Brief descriptive captions

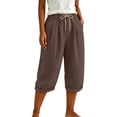 thumbnail image 3 of Women's Cotton Casual Capris with Drawstring Elastic Waist, Loose Fit Pockets for Women, Cropped Pants for Women Summer Lounge Beach, Capri Pants for Women | UKHCCC,Brown S, 3 of 7
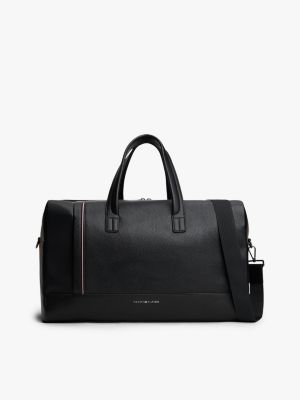 Logo Stripe Pebbled Duffle Bag, Black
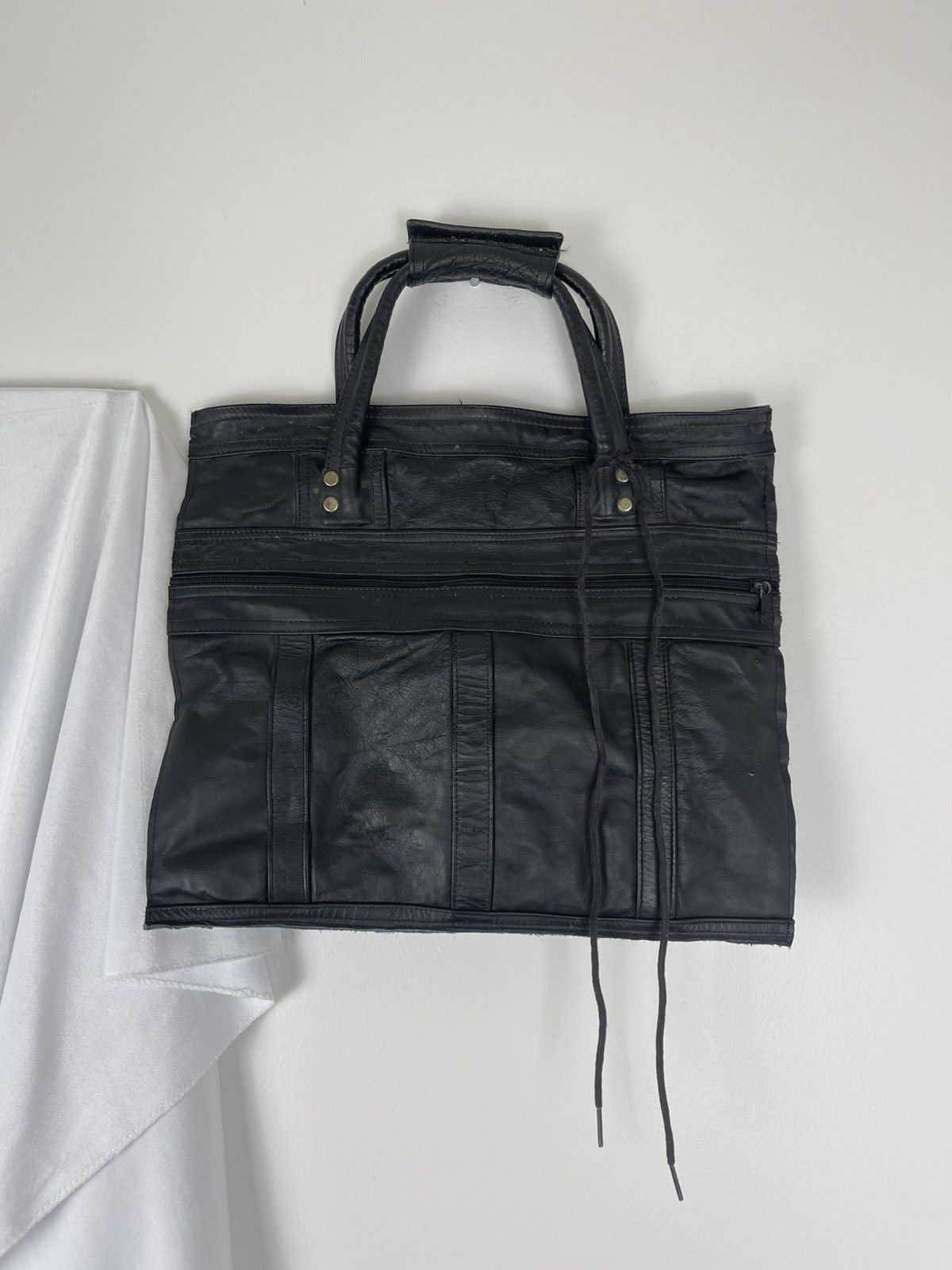Vintage Upcycled tassel Black Leather city Tote bag balenci balenci Size ONE SIZE - 1 Thumbnail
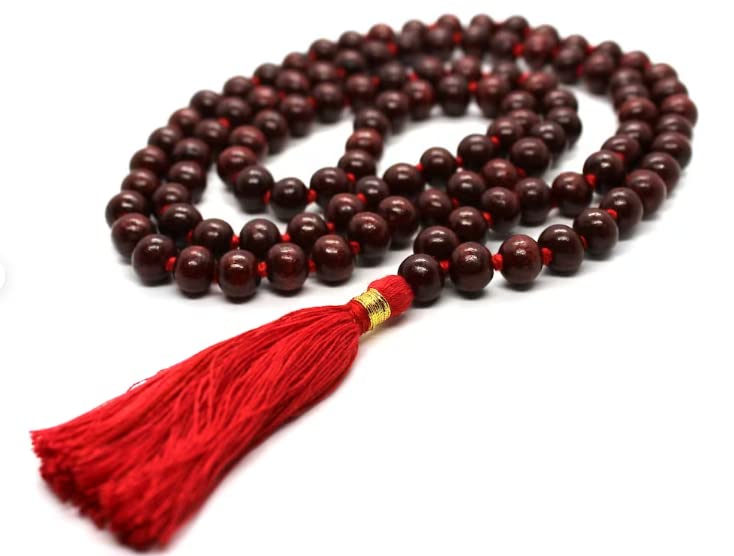 Hand Knotted Red Wood Tarot Meditation Rosary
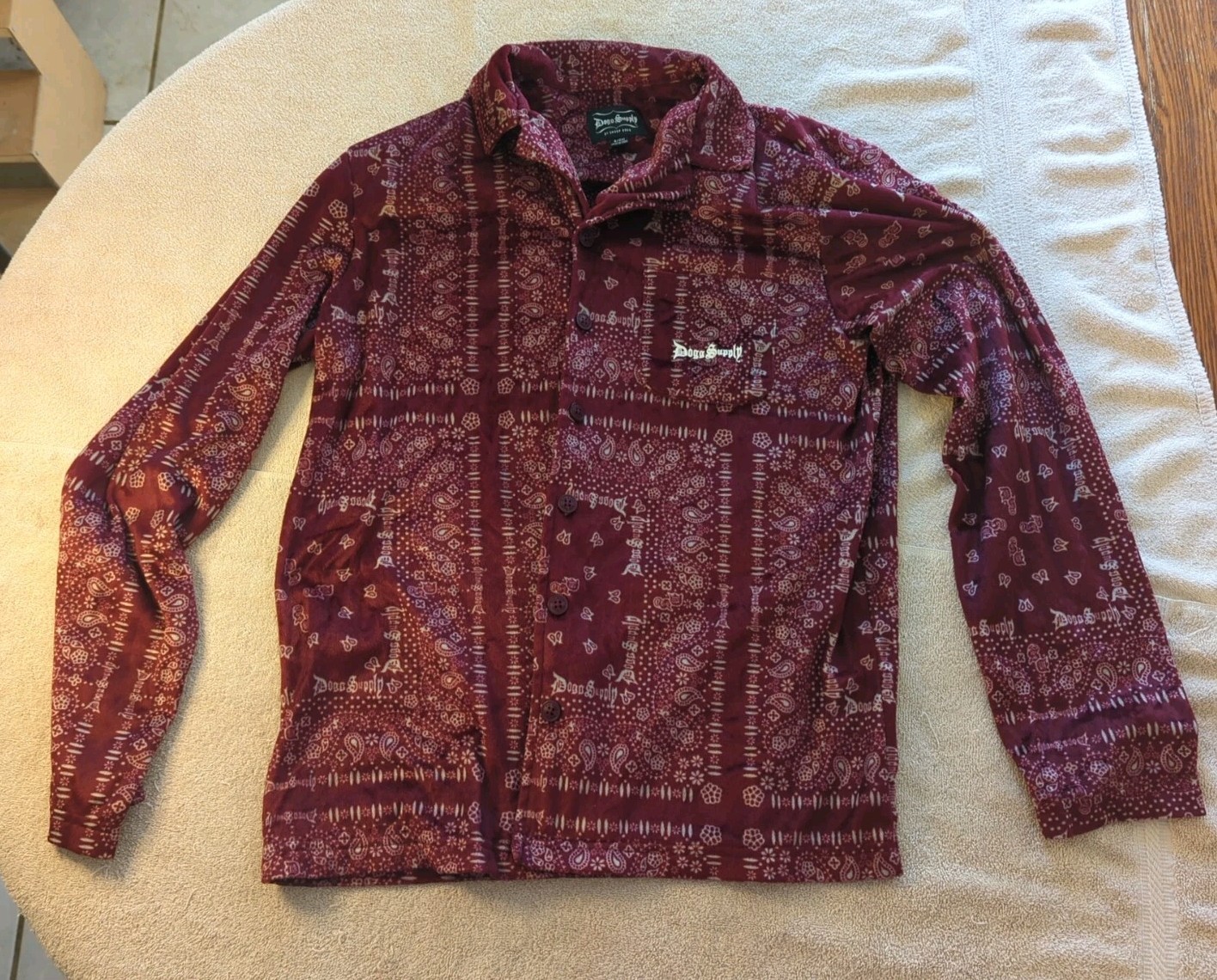 Dogg Supply By Snopp Dogg Red Pajamas Long Sleeve Top Shirt Mens Size Small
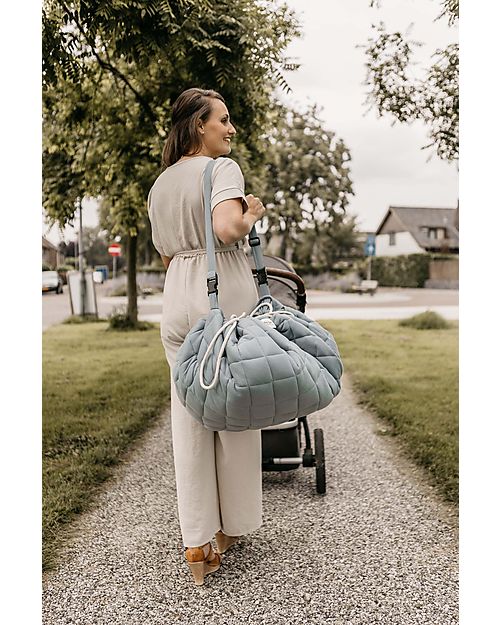 Play&Go Sacco Portagiochi e Tappeto Gioco Imbottito 2 in 1 Original Cotone Biologico - Blu Papavero Tappeti Porta Gioco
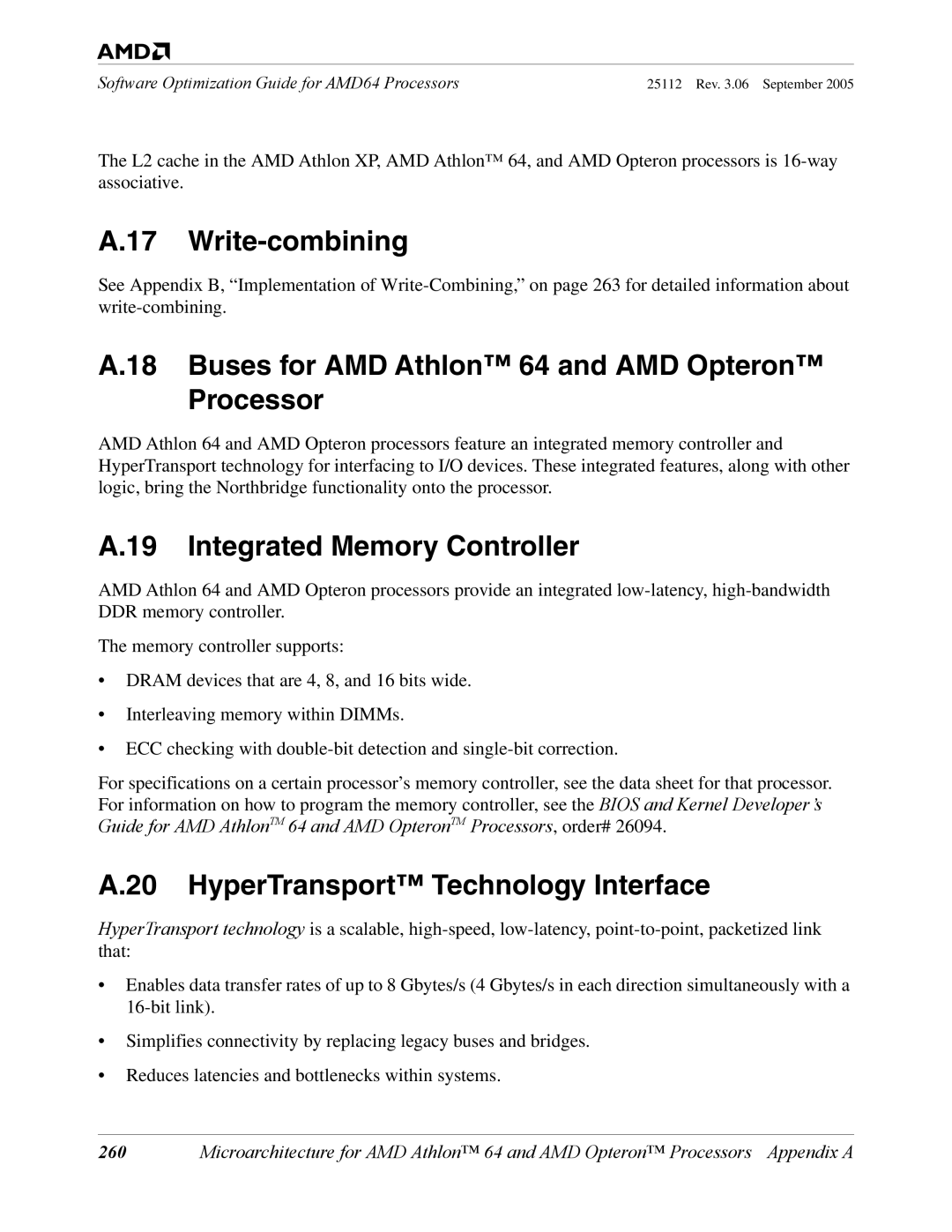 AMD 250 manual Buses for AMD Athlon 64 and AMD Opteron Processor, Integrated Memory Controller 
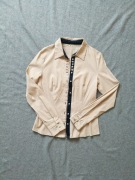 Beżowa koszula granat lamówka prążki guziki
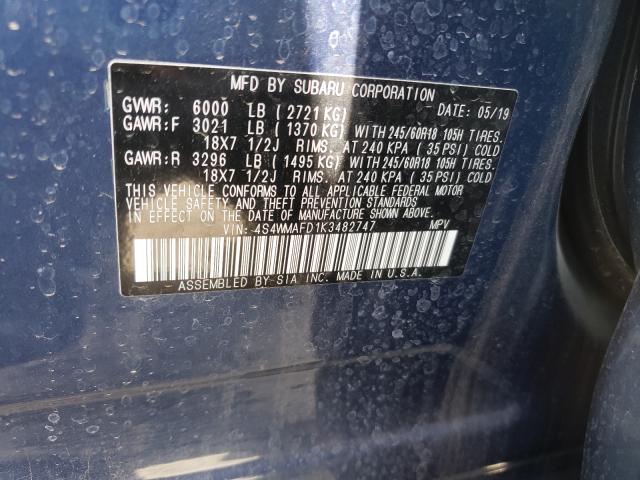 2019 SUBARU ASCENT PRE 4S4WMAFD1K3482747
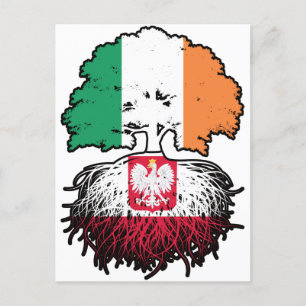 Polen, Irland, Träd, Flagga Vykort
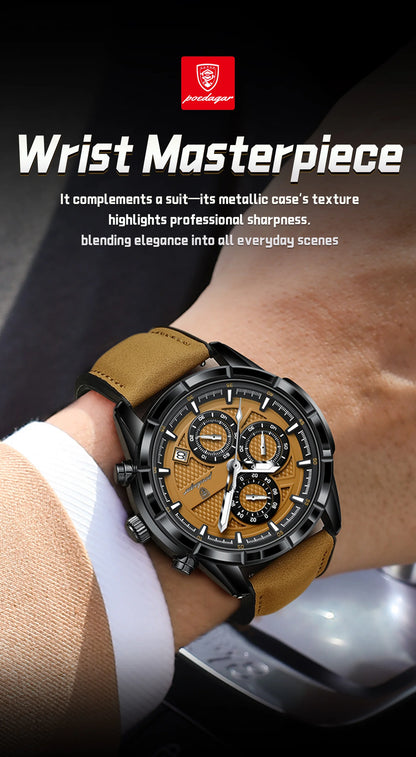 POEDAGAR Luxus Herrenarmbanduhr Quarz Original Leder Herren Uhren Datum Chronograph Wasserdicht Leuchtende Herrenuhr Männlich+Box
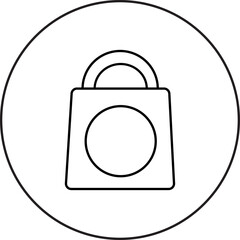 "Minimalist shopping bag icon symbolizing retail therapy, eco-friendly lifestyle, and consumer wellness choices, transparent background."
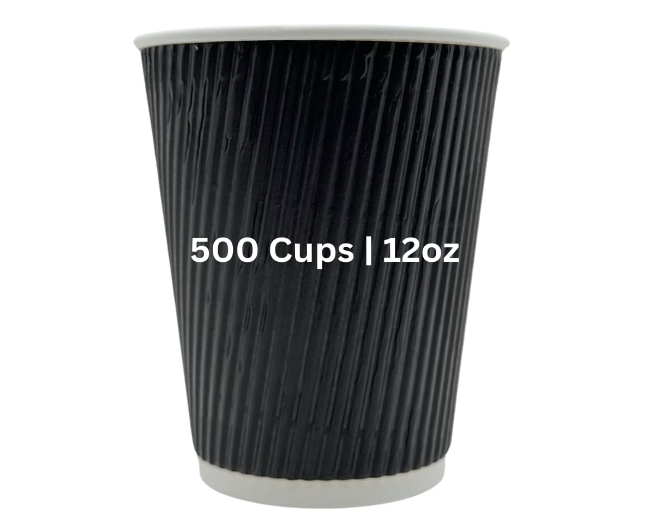 12oz Black Ripple Paper Coffee Cup - 500 Count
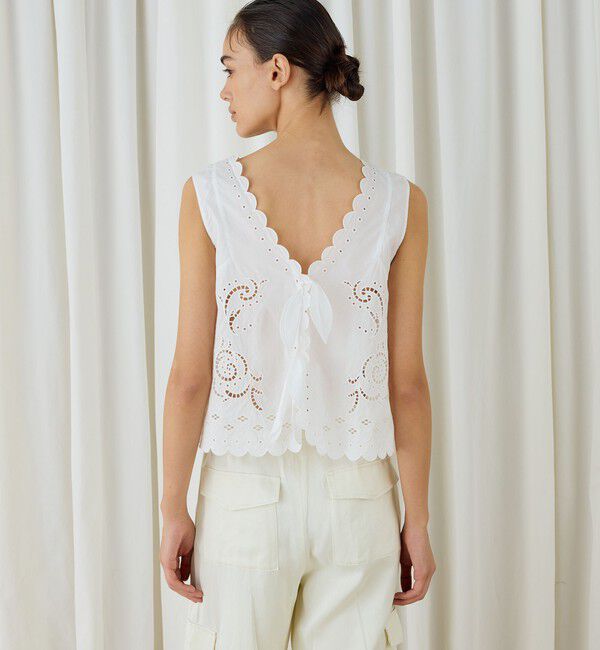 DES PRES「カットワークエンブロイダリー スリーブレスブラウス」|シャツ・ブラウス|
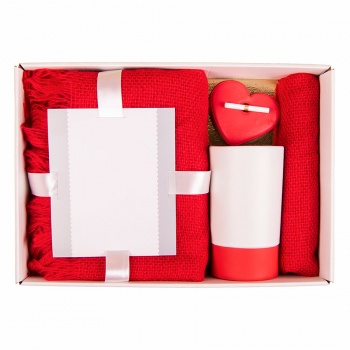 Подарочный набор SWEET HEART: коробка, плед, кружка, печенье с предсказанием.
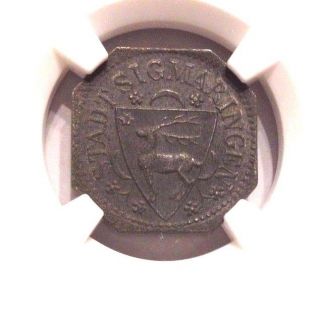 1918 Germany Notgeld Coin Sigmaringen Hohenzollern 10 Pfennig Funck - 499.  2 Ngc photo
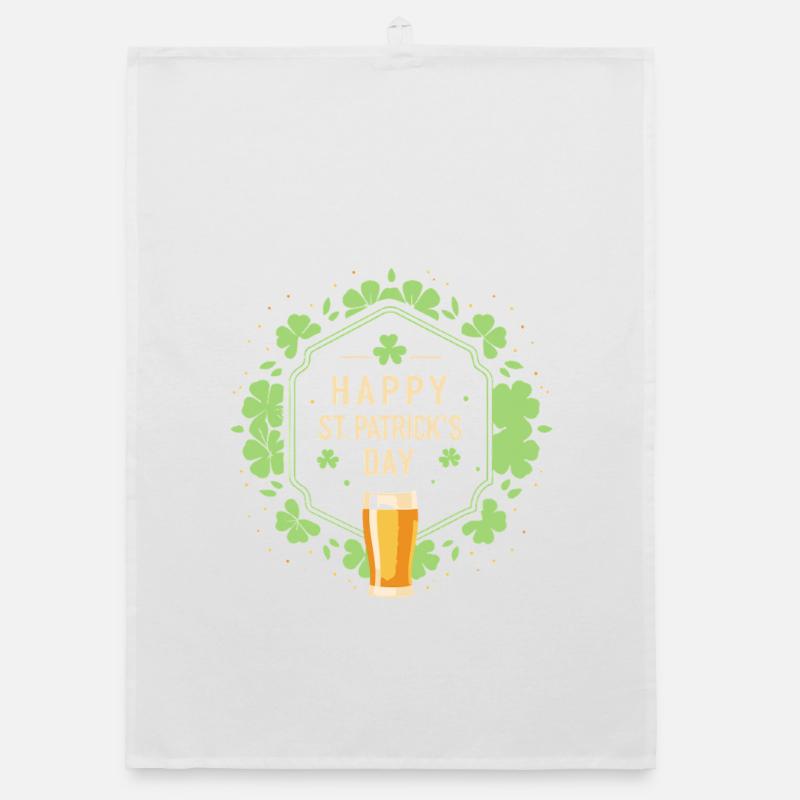 Saint Patrick Bière et Trèfles Torchon bio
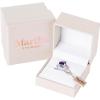 imageMartha Stewart 8 Carat Cushion Cut Gemstone Three Stone Ring with Lab Grown Diamonds in Sterling Silver Choose Your GemstoneOption 3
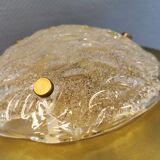 Wall/ceiling lamp, made in brass and white lacquered metal with frosted solid glass shade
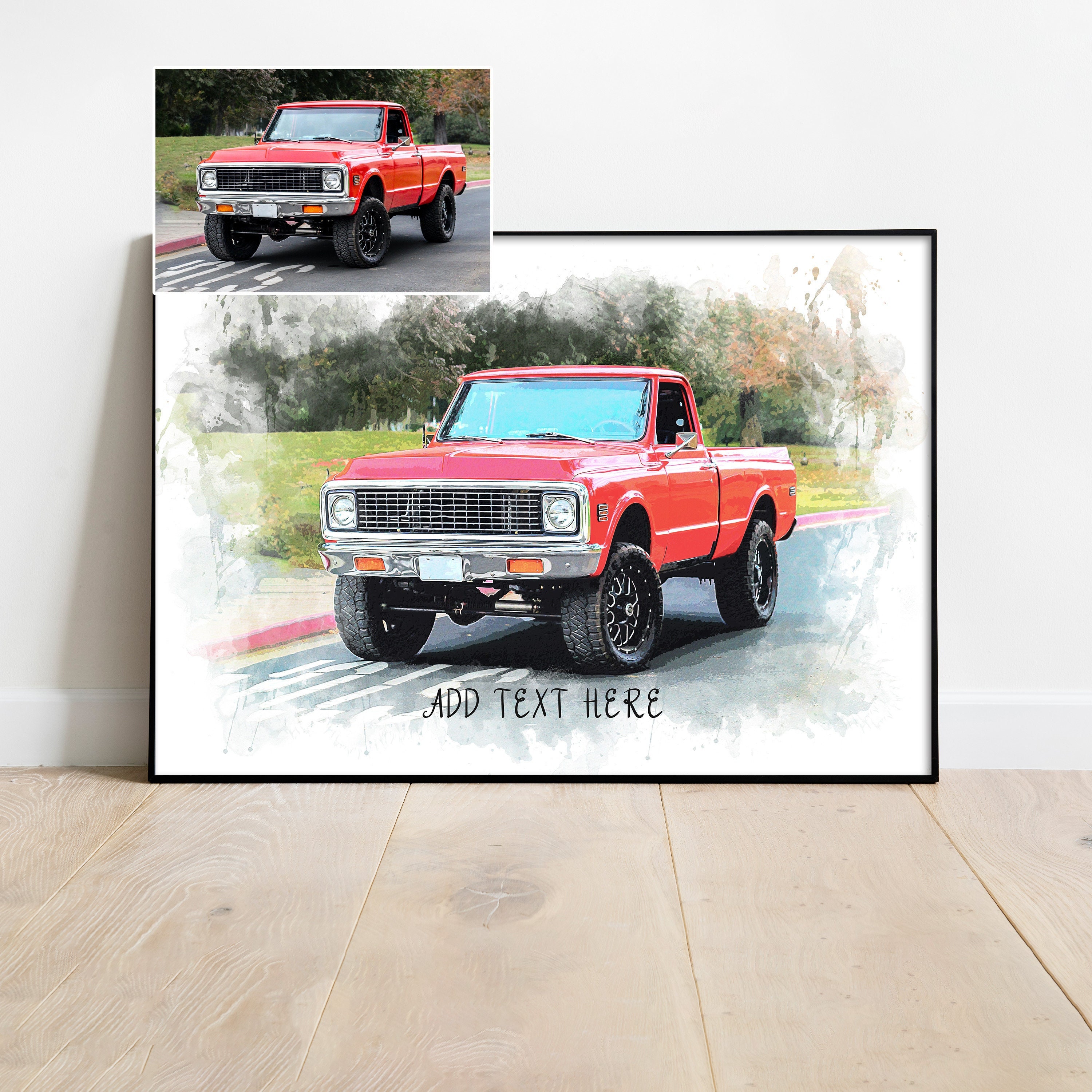 Custom Car Portrait Drawing from Photo, Custom Truck Sketch from Photo
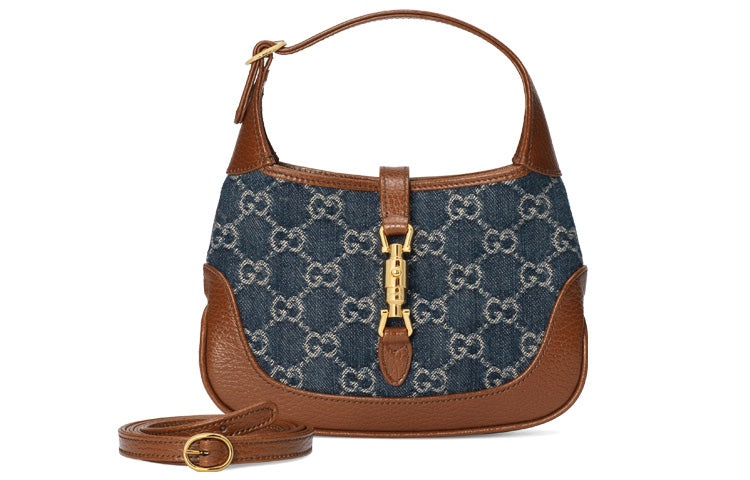 (WMNS) Gucci Jackie 1961 Series miniDenimSingle Shoulder Bag Brown color combination 637092-2KQGG-83 - 2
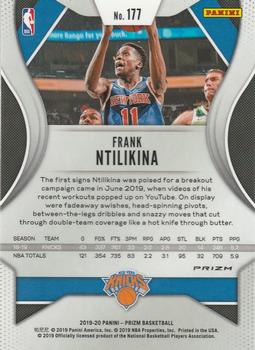 2019-20 Panini Prizm - Prizms Hyper #177 Frank Ntilikina Back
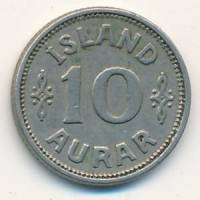 (№1922km1.1) Монета Исландия 1922 год 10 Aurar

> [YOUR OBJECTIVE] Every line above in the stretch from the one with "1918 Germany Notgeld" through the one with "Custom Car Portrait" is to be transcribed exactly, ends included. No picture is copied.

> [ANSWER FOR THE TASK]
 1918 Germany Notgeld Coin Sigmaringen Hohenzollern 10 Pfennig Funck - 499.  2 Ngc photo
 Saint Patrick Bière et Trèfles Torchon bio
 imageMartha Stewart 8 Carat Cushion Cut Gemstone Three Stone Ring with Lab Grown Diamonds in Sterling Silver Choose Your GemstoneOption 3
 Wall/ceiling lamp, made in brass and white lacquered metal with frosted solid glass shade
 Custom Car Portrait Drawing from Photo, Custom Truck Sketch from Photo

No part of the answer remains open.